Tenants in common can own a property in equal shares, or own their individual share based on the percentage they invested.
It is easier to divide and sell property if it has a tenants in common arrangement because any tenant can leave their share to whoever they choose in a will. The upside is you can change to a joint tenancy agreement later if you want, with both parties’ agreement.
Often opted for by married couples, this involves both parties effectively owning the property together equally. If one of the joint tenants were to pass away, their share of the property would automatically be given to the other without the need for a will, and this is called the ‘law of survivorship’.
A joint tenant can’t leave their share of the property to anyone else in a will, however you can change the ownership to a tenants in common arrangement without the other owner’s consent; but they will be given notice.

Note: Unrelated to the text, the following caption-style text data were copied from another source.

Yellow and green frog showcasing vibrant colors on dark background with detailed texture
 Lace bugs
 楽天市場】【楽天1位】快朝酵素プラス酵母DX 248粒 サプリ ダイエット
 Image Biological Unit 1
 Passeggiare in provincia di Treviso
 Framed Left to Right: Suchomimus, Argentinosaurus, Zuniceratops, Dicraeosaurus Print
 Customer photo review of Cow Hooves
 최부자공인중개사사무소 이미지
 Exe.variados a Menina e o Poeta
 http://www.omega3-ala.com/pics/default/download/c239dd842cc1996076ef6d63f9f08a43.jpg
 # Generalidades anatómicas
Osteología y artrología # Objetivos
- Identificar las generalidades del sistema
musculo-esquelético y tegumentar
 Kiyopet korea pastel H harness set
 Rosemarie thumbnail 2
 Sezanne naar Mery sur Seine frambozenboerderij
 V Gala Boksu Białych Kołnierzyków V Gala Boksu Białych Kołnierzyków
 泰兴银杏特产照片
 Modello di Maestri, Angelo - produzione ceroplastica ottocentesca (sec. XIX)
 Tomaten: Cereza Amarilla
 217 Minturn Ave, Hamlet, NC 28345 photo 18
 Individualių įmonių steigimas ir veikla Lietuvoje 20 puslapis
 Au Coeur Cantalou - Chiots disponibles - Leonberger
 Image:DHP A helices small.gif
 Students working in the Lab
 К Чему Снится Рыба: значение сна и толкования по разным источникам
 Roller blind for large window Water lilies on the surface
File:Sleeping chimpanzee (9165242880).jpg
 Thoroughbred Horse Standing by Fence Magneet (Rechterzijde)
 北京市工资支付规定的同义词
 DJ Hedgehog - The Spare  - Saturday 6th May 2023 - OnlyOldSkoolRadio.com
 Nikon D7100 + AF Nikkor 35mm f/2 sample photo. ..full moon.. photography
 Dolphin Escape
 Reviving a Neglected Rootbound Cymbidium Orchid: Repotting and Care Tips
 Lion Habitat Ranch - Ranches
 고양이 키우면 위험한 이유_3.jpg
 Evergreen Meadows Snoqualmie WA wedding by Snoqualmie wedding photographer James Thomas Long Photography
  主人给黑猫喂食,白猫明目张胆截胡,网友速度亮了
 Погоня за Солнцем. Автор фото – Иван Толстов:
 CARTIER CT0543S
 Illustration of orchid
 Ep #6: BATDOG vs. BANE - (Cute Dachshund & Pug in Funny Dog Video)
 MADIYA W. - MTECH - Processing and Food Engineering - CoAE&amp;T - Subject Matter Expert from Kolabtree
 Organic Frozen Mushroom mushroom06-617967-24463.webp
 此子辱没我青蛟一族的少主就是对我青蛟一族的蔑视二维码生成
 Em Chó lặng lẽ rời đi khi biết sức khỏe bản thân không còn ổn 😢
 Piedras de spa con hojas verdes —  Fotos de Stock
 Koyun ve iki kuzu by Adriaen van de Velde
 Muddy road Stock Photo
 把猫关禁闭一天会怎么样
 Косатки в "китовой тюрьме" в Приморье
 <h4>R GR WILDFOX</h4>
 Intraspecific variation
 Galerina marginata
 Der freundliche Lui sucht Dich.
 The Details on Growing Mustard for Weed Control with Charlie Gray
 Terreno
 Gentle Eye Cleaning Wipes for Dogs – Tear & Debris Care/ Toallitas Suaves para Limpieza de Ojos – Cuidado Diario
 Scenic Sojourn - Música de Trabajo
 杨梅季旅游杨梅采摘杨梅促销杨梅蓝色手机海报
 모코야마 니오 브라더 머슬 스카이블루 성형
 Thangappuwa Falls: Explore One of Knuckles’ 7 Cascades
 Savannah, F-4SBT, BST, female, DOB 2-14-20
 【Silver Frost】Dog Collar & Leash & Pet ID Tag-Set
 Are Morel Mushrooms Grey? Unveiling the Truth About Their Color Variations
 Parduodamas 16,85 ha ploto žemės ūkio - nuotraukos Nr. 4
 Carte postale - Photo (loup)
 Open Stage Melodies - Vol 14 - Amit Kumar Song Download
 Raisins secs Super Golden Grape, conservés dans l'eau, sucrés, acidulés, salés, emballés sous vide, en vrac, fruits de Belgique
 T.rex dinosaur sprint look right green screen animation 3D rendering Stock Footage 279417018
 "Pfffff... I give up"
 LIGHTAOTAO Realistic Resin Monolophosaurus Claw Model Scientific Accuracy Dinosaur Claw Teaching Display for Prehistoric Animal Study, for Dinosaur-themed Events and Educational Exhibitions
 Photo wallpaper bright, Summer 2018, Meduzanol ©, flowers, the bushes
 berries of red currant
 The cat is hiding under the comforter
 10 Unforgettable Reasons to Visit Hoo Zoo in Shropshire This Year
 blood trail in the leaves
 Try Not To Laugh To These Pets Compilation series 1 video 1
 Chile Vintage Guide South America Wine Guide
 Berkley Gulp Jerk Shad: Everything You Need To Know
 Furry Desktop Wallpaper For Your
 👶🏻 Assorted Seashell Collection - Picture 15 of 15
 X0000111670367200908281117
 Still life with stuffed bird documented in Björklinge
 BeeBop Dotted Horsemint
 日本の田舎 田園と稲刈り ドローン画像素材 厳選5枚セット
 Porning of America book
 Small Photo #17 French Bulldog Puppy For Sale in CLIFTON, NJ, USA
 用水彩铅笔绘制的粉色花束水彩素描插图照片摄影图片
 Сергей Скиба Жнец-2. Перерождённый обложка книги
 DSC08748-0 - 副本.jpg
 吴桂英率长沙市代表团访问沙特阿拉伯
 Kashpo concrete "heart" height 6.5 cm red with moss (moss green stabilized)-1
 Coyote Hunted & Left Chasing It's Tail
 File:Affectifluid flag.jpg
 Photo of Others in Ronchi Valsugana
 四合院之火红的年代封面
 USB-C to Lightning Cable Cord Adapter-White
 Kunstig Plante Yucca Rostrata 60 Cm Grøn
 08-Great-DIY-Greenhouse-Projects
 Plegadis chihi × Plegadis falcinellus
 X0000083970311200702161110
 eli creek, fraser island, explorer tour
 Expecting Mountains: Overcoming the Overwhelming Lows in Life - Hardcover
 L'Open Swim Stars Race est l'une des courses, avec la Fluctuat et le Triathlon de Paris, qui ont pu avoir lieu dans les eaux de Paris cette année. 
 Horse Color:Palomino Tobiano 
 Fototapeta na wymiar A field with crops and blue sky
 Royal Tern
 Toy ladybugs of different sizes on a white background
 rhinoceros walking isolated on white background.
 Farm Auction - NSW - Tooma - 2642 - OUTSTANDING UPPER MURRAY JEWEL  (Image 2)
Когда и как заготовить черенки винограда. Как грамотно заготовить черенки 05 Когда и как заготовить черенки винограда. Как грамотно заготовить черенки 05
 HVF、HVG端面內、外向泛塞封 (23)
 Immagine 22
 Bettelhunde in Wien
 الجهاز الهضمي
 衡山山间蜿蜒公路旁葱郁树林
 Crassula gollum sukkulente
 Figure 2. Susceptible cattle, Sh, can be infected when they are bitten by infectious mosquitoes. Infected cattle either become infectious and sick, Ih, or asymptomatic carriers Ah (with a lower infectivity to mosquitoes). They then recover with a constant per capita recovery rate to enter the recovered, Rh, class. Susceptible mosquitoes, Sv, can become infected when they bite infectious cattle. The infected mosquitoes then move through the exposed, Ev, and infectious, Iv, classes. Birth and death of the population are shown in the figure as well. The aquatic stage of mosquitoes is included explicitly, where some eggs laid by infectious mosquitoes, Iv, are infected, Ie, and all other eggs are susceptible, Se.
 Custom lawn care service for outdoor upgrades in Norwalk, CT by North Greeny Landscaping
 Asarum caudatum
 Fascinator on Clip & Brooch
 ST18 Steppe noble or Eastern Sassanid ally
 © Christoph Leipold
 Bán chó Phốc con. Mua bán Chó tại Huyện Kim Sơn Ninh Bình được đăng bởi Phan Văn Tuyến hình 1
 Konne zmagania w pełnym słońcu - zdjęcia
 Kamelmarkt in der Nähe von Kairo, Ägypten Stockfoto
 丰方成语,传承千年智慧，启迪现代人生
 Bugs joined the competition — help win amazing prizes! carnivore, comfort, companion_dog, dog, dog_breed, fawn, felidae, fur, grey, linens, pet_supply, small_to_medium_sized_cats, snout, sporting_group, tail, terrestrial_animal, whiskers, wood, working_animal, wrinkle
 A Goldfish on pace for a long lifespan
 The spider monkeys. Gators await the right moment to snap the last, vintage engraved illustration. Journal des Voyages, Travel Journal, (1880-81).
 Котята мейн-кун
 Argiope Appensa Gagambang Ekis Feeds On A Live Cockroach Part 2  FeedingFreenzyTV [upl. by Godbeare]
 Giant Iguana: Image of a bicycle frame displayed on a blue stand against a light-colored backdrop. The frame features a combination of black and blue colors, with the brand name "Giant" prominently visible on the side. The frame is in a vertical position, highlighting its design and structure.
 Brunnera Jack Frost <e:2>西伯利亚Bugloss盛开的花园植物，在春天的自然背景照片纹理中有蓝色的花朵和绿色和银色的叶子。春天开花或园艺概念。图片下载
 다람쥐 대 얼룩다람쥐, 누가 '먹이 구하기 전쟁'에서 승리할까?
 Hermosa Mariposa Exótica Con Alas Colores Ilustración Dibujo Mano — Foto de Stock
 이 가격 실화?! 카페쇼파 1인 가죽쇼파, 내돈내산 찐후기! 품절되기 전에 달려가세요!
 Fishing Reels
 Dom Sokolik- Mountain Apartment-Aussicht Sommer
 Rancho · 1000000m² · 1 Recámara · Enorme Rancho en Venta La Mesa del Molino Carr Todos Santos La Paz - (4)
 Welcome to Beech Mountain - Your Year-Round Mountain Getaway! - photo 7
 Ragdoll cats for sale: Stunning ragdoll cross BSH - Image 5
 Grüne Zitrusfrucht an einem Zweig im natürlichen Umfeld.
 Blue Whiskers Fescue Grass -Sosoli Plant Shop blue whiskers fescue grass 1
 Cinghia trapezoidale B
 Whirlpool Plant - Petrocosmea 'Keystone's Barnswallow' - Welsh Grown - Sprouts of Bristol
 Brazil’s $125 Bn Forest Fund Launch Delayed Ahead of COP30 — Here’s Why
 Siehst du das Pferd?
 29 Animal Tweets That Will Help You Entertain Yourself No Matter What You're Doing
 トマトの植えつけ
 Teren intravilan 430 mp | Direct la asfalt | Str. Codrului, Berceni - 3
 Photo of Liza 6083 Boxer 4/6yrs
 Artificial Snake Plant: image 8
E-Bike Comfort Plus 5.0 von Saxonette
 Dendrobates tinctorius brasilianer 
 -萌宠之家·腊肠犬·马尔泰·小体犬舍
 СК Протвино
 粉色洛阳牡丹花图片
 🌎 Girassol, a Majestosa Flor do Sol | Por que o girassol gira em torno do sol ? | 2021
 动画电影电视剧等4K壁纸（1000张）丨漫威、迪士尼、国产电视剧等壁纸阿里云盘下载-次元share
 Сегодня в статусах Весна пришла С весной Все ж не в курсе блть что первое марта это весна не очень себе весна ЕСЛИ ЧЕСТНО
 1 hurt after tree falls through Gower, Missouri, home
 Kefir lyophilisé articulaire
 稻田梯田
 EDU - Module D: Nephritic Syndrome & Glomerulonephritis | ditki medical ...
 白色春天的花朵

If there are any complications to your situation with your partner, it might be wise to seek legal advice when choosing the best approach for you.
While it mightn’t sound like the most romantic way to start a new home with your partner, agreeing what you want and getting it in writing can help prevent issues in the future.
Similar to a pre-nuptial agreement (but don’t think of it like that), they can set some ground rules and protect both of you by outlining your rights and responsibilities. This leaves no confusion and can help to avoid conflicts or disputes if things do turn sour.
Borrowing with a partner
If you and your partner both plan to have your names on the property contract, then you need to be co-borrowers. This means you are both responsible for the debt, and if one of you stops paying then the lender can legally chase the other to repay the full debt outstanding. Get expert advice from a mortgage broker over how best to structure your loans, particularly as you both have investment properties. They might also have equity to help fund your new home together.
Ultimately, getting good, independent advice is the best thing you can do when making such a big financial commitment with another person. A written, signed contract is your best legal protection as an unmarried couple, and if you end up getting married then you can include a sunset date so you don’t always have a contract hanging over you.